La tâche qui nous attend

Comme je l’ai indiqué, le gouvernement du Royaume-Uni veut trouver un accord sur un partenariat approfondi et spécial entre le Royaume-Uni et l’UE, portant sur la coopération tant en matière économique que dans le domaine de la sécurité. À l’heure où on assiste à un ralentissement de la croissance du commerce mondial et où on perçoit des signes du renforcement des instincts protectionnistes dans de nombreuses parties du monde, il incombe à l’Europe de défendre le libre-échange dans l’intérêt de tous nos citoyens. De même, la sécurité de l’Europe est plus fragile aujourd’hui que jamais depuis la fin de la guerre froide. Affaiblir notre coopération visant à la prospérité et à la protection de nos citoyens serait une erreur qui nous coûterait cher. Les objectifs fixés par le Royaume-Uni pour notre futur partenariat demeurent ceux qui ont été énoncés, le 17 janvier, dans mon discours de Lancaster House et dans le livre blanc publié par la suite, le 2 février.

Nous reconnaissons qu’il sera délicat de parvenir à un tel accord global dans le délai de deux ans fixé par le traité pour les discussions sur le retrait de l’UE. Nous croyons toutefois qu’il est nécessaire de nous accorder en parallèle sur les conditions de notre futur partenariat et sur celles du retrait du Royaume-Uni de l’UE. Notre position de départ dans ces discussions est unique : réglementations étroitement alignées, confiance dans les institutions de l’autre partie et esprit de coopération remontant à des décennies. C’est pour ces raisons, et parce que le futur partenariat entre le Royaume-Uni et l’UE revêt une telle importance pour les deux parties, que je suis certaine qu’un accord peut intervenir dans le délai imparti par le traité.

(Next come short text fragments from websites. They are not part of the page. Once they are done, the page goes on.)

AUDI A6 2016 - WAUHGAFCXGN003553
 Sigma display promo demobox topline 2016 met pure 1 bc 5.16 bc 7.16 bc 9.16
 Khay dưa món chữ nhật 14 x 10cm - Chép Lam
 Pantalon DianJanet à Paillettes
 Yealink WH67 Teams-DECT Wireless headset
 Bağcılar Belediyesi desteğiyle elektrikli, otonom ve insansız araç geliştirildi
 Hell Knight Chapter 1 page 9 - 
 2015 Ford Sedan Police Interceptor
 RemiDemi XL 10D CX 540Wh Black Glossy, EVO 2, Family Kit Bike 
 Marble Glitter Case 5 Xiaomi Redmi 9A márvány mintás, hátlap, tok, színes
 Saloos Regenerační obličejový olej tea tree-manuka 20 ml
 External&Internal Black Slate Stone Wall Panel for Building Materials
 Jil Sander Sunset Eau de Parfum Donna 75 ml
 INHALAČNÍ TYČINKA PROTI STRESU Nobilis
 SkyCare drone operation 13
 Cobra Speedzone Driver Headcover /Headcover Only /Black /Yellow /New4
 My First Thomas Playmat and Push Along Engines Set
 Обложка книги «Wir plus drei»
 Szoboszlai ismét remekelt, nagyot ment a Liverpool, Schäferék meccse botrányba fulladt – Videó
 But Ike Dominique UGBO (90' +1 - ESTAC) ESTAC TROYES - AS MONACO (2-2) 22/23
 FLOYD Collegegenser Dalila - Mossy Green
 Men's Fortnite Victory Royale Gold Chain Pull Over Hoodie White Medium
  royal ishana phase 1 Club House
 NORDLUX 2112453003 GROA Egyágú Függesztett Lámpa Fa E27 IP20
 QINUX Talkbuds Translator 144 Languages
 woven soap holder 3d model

La tâche qui nous attend est très importante mais elle ne devrait pas être hors d’atteinte. Après tout, les institutions et dirigeants de l’Union européenne sont parvenus à rassembler un continent déchiré par la guerre pour en faire une union de nations pacifiques et ils ont soutenu la transition de dictatures qui se sont transformées en démocraties. Ensemble, je sais que nous sommes capables de trouver un accord sur les droits et les obligations du Royaume-Uni en tant qu’État membre sortant de l’Union tout en établissant un partenariat approfondi et spécial qui contribue à la prospérité, la sécurité et la puissance sur le plan mondial de notre continent.